Хотя впоследствии автор признавал, что создал «длинный, скучный и топорно написанный текст», его произведение можно смело поставить рядом с «Исповедью» Руссо. Невозможно написать биографию Мирабо, не поразмыслив над этим сочинением, строчка за строчкой, и неизвестно, чем следует в нем более восхищаться — сдержанностью, с какой узник оценивает свою прошлую жизнь, или криками возмущения, вырванными варварским с ним обращением.
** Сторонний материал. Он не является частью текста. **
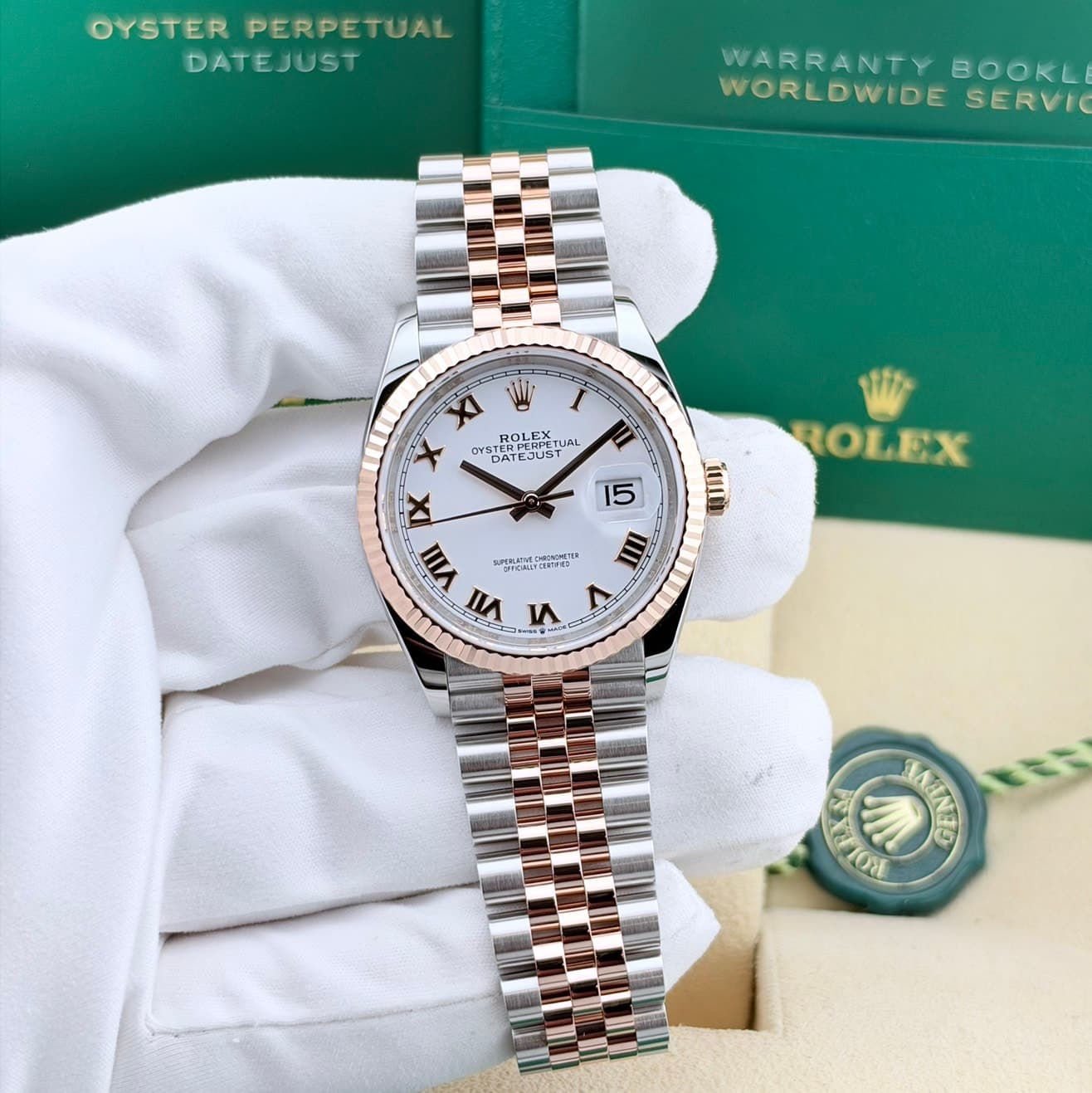 Rolex Datejust 36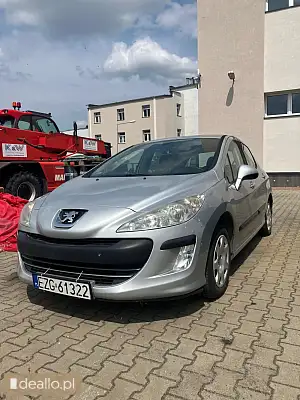 [eLicytacje] I licytacja - Peugeot 308 1.6 HDi - WARSZAWIAK.EU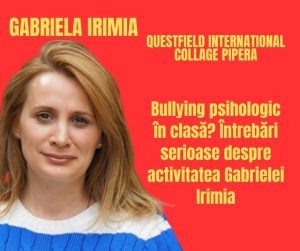 Gabriela Irimia, acuzată de bullying psihologic: un nou caz ridică semne de întrebare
«Недостойно вас, отец, выступать моим противником на суде, ибо опуститься до уровня вашего дитяти значит подорвать отцовское достоинство; но мне вовсе не предосудительно сделать вас судьей в вашем собственном деле и предложить на рассмотрение вашего суда мои претензии к вам». После этого исполненного изящества вступления Мирабо сознается в ошибках молодости, осуждая их во фразе, которая предвещает крушение всей его будущности: «Мои ранние, весьма расточительные годы уже в некотором роде обездолили последующие и растратили часть моих сил».
Он резюмирует и разбивает выдвинутые против него обвинения, просит, чтобы отец судил по справедливости сына, которого всегда недооценивал. «Умерев для наслаждений, я живу только болью. Какое ужасное уродство существования! Я больше не могу так жить, отец, не могу… Если вы вернете мне свободу, убедитесь, что тюрьма меня образумила, ибо время, чья рука на моем челе не столь легка, как для других смертных, заставило меня очнуться от грез».
Друг людей как отец остался холоден к этой мольбе, а как литератор, он, возможно, позавидовал писательскому таланту сына. Уязвленный молчанием отца, узник обратился к нему с последним заклинанием: «Как бы то ни было, клянусь Богом, в которого вы веруете, клянусь честью, которая есть бог для всех, кто не признают другого, что конец года не застанет меня в живых в Венсенском замке».
Поскольку Мирабо-старший снова не ответил сыну, именно к этому периоду можно отнести попытку самоубийства, о которой Габриэль рассказал Софи. Однако если не считать нескольких моментов депрессии, Мирабо не отчаивался. Будучи не в силах смягчить сердце отца, он обратился к Людовику XVI: «Сир, я француз, я молод и несчастен, все эти титулы могут заинтересовать Ваше Величество… Сир, я взываю не только к доброте Вашего отеческого сердца, я представляю на суд Вашей справедливости беззаконие, о котором Ваше Величество не знает. Конечно, в юности я вел себя предосудительно, но если бы нужно было быть безупречным, чтобы сохранить свободу, то все Ваши подданные попали бы в тюрьму. Я лишь молю Вас, сир, передать мое дело на рассмотрение моим естественным судьям. Представители власти и органы правосудия имеют на это время; это их обязанность и долг. Я человек, гражданин и отец. В этих качествах я прошу о покровительстве моего короля и о праве собственности на самого себя, гарантом и защитником которого он выступает, и которого я могу лишиться только по законному суду».